This is something a little different.
It's not a new full-length episode, but it's not a rerun either.
It's just a tiny little bite-sized story about a weird little guy.
I'd like to try to do more of these, just a few minutes about various side characters I found in my research who didn't really warrant their own tangent in an episode, but they're interesting enough that you might like to hear about them.
Just for a few minutes.
We'll see if I manage to follow through on that, but for now, today,
here's a little treat.
I recently found myself, for normal, work-related reasons, combing through the campaign finance reports for David Duke's 1996 campaign for U.S.
Senate.
There are, obviously, some names in there that I recognize.
A donation from longtime Klan lawyer Sam Dixon.
Salary payments made to a longtime Duke associate who happens to be the son-in-law of a guy who died in a shootout with U.S.
Marshals.
Things like that.
Some of the names on those forms are stories I'll tell you eventually.
But as I was flipping idly through lists of small dollar donors,
one line caught my eye.
Not because it was a name that I recognized, but because of his profession.
Almost all of the people willingly putting their name on the record as a David Duke donor by 1996 were retired.
Line after line after line, donors list their occupation as retired.
And for those who did work, they were almost all self-employed.
But on August 27th, 1996, David Duke's campaign received a $500 contribution from a New York City police officer.
1996 was a pretty long time ago at this point.
So I was pretty sure there was no chance this man was still employed by the NYPD.
But I was curious if his fondness for David Duke ever caused any issues for him in his professional life.
That seems like a pretty safe bet, right?
But...
Honestly, it might not make him that much more racist than any given NYPD officer chosen at random.
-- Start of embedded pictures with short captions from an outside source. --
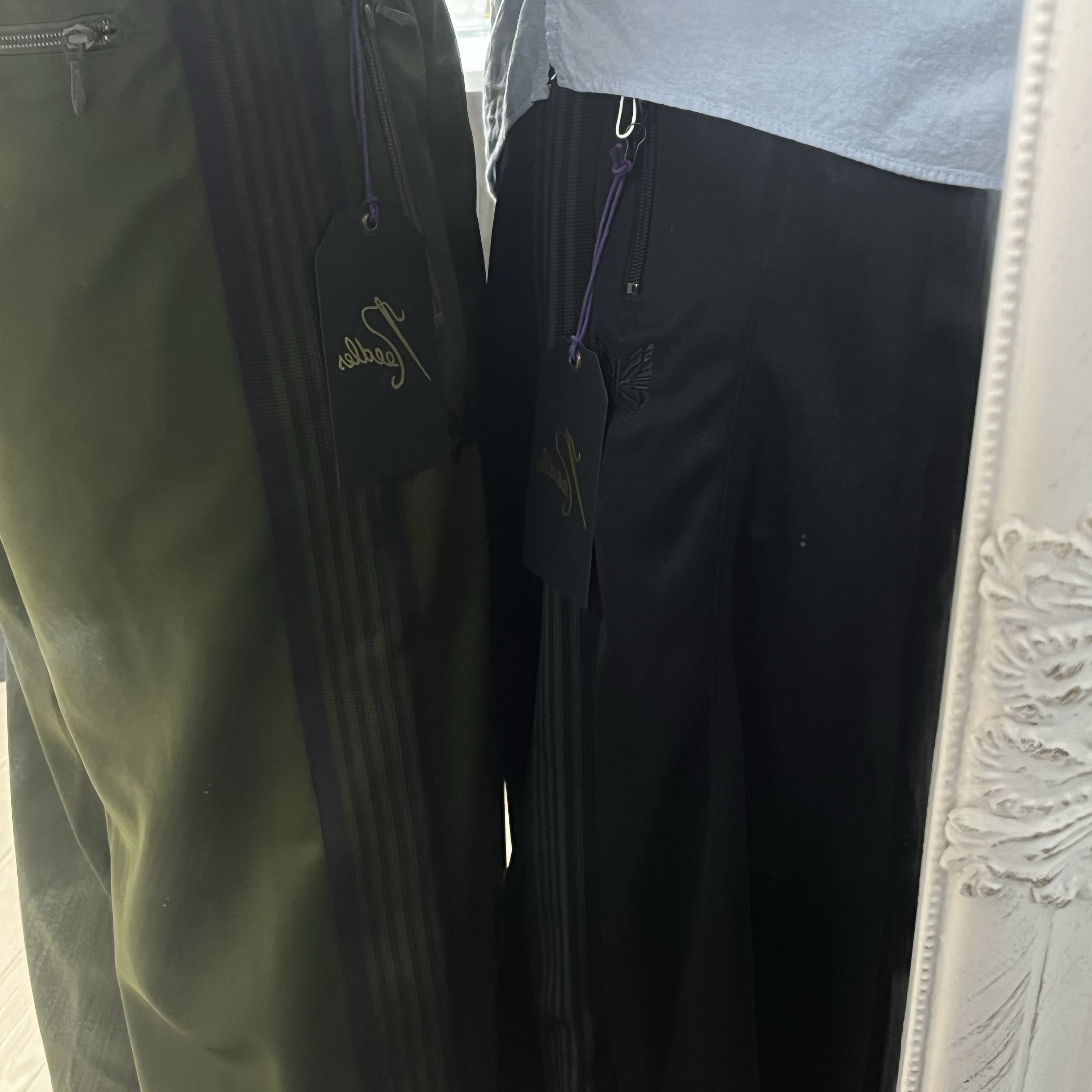 Needles H.D. Track Pants Poly Smooth Royal, Needles H.D. Track Pants Poly Smooth Olive 착용 스타일 - 1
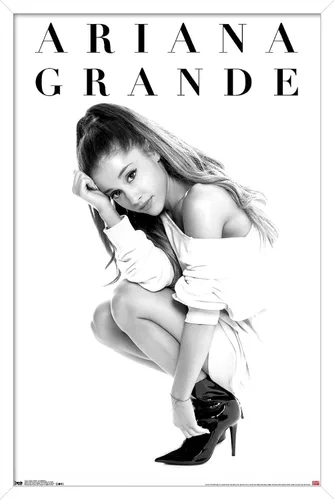 Miniatura 12 de Ariana Grande - Póster de pared de luna de miel, 22.4 pulgadas de largo x 14.7 pulgadas de ancho, versión enmarcada en madera de granero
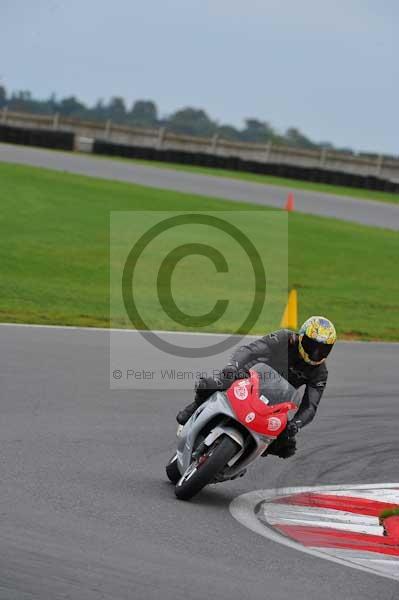 Motorcycle action photographs;Ty croes;anglesey;anglesey photographs;event digital images;eventdigitalimages;no limits trackday;peter wileman photography;trac mon;trackday;trackday digital images;trackday photos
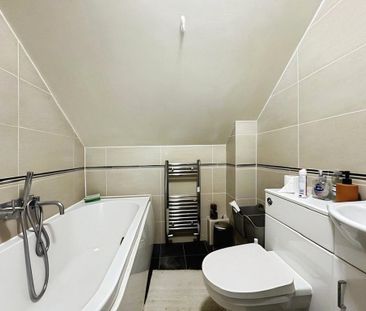 1 bedroom in a house share to rent - Photo 6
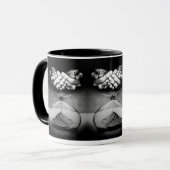 Time Hourglass Hände Stift zeichnend surreale Kuns Tasse (Vorderseite Links)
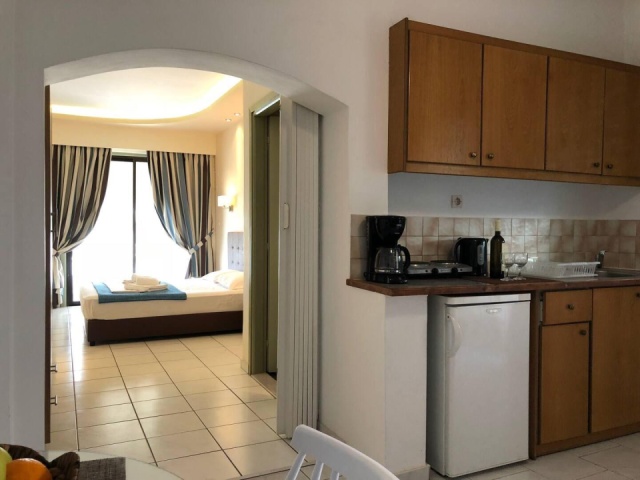 Oleander Apartmanház, repülővel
But it turns out that officer, Thomas Pappas,
did something else in the mid-90s that almost ended up in front of the Supreme Court.
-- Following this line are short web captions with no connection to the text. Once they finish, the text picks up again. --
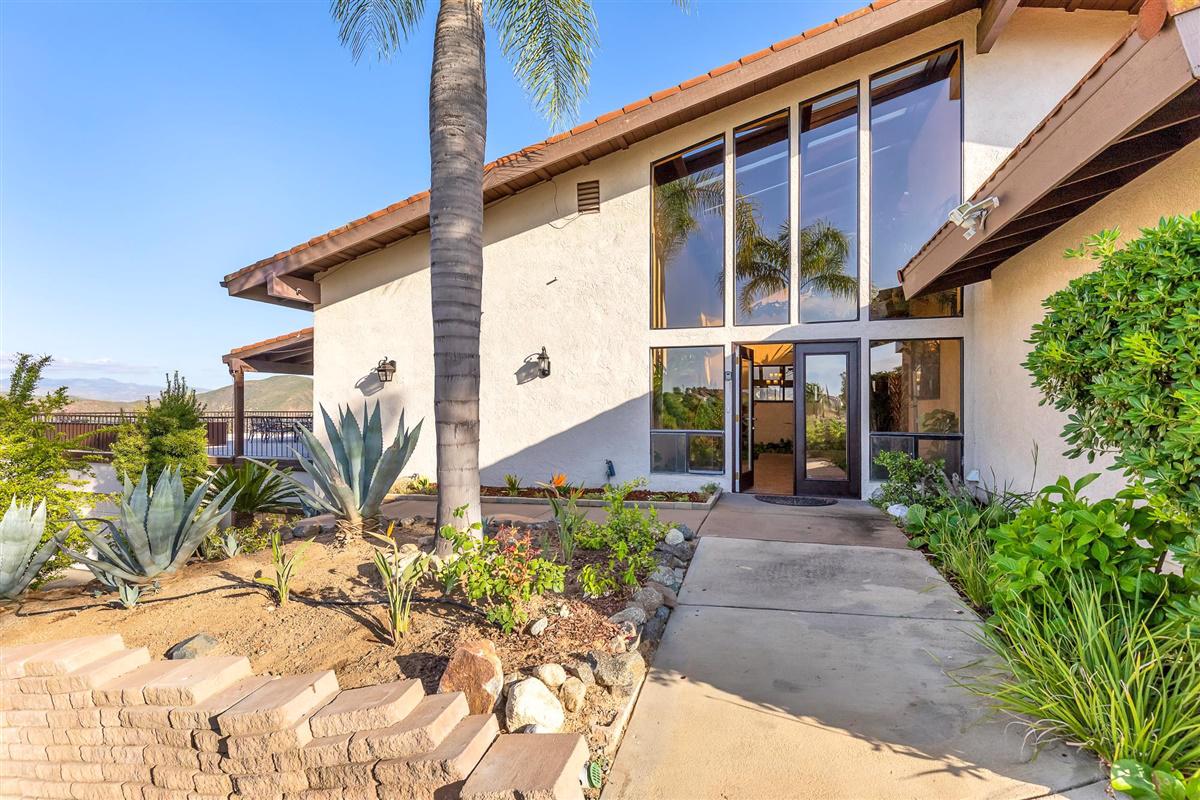 BEAUTIFUL TEMECULA WINE COUNTRY LIVING California Luxury Homes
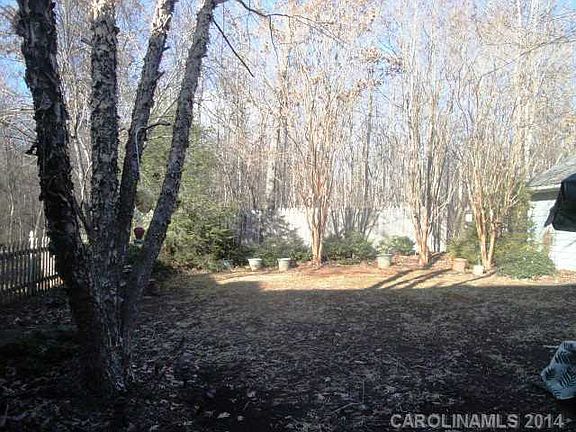 2nd image of 210 Autumn Wood Ln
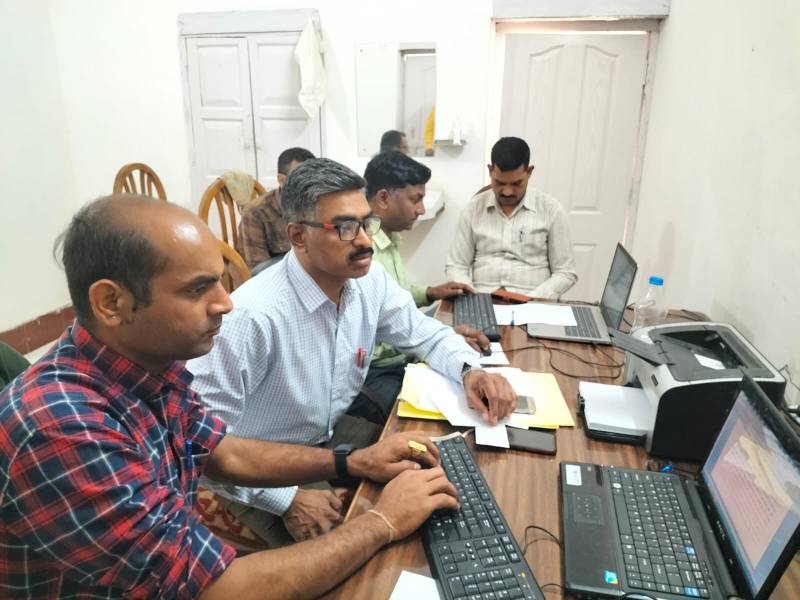 Lokayukta police caught Khatai Halka Patwari taking bribe of thousand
See, in the 90s, every year, the Mineola Auxiliary Police Department sent out mailings requesting donations to their McGruff the Crime Dog anti-drug program.
Most people throw that kind of thing away.
Some people will write a check and put it back in the pre-addressed return envelope to make a donation.
But every year, one envelope came back to that volunteer organization, stuffed with anti-Semitic cartoons, pamphlets with racist conspiracy theories, and materials published by a group called the National Association for the Advancement of White People.
And by 1997, the volunteer organization receiving these mailings went to the police.
After years of getting these hateful mailings, they'd hired a company to encode the reply envelopes.
If someone mailed back one of these smaller donation envelopes, they'd be able to tell exactly where the original mailing had been sent.
So when the racist flyers showed up that year, they used the tracking code to connect that envelope to a particular PO box.
And when they went to the police, they were able to determine that that PO box was registered to a New York City police officer.
And so to test their theory, the Nassau County Police sent a fake letter to that PO box soliciting donations for a charitable cause.
And he took the bait.
He stuffed the reply envelope with racist flyers and mailed it back.
Nassau County then turned the investigation over to the NYPD's Internal Affairs Bureau and they too tested the theory.
They mailed Thomas Poppas a letter asking for donations to a charitable organization and he returned the envelope full of anti-Semitic cartoons.
And when he was confronted with this evidence, he did eventually admit that he'd done it.
He tried to be casual about it.
At first, he said it was just a hobby and that it didn't mean anything.
And then later in the same interview, he said it was a form of protest because he was, quote, tired of being shaken down by charitable organizations.
And it turned out that while it had just been the one organization who finally figured out where the mailings were coming from and went to the police, He'd done this hundreds of times over the years to countless organizations.
After he admitted to the mailings in 1998, the New York Times reported that he was probably going to be allowed to retire with his pension.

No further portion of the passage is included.